=== INFORMATION ===
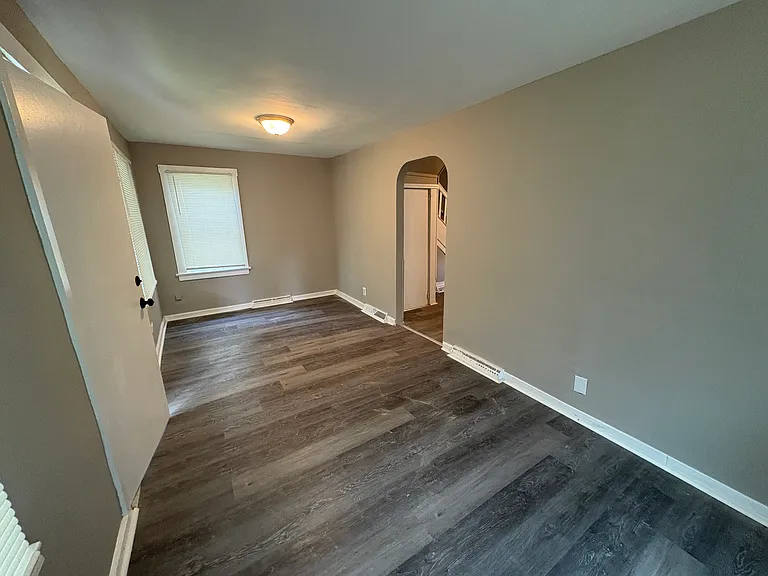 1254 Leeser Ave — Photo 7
===
=== INFORMATION ===
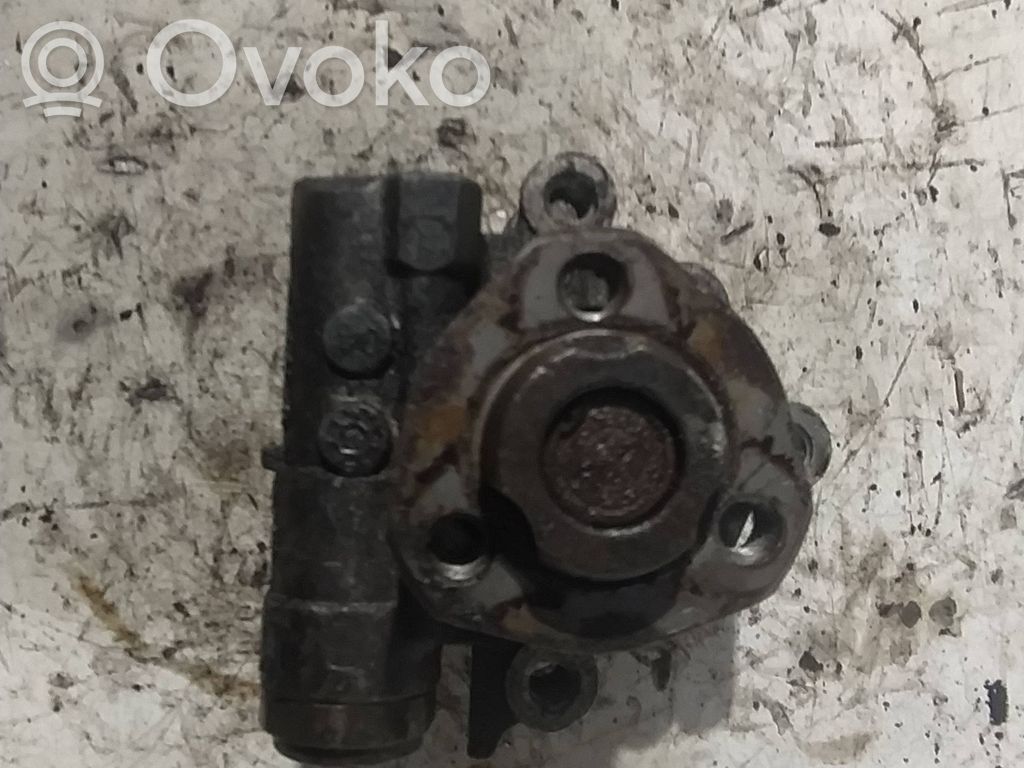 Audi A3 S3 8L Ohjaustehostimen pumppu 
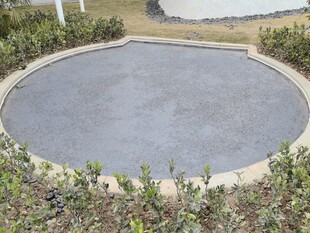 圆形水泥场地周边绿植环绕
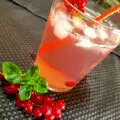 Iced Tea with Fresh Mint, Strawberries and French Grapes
===
_PROBLEM_
Word for word, restate the lines above from the one with "Audi A3 S3 8L Ohjaustehostimen pumppu" through the one with "Iced Tea with", keeping both ends and dropping the pictures.

_YOUR RESPONSE_
 Audi A3 S3 8L Ohjaustehostimen pumppu 
 圆形水泥场地周边绿植环绕
 Iced Tea with Fresh Mint, Strawberries and French Grapes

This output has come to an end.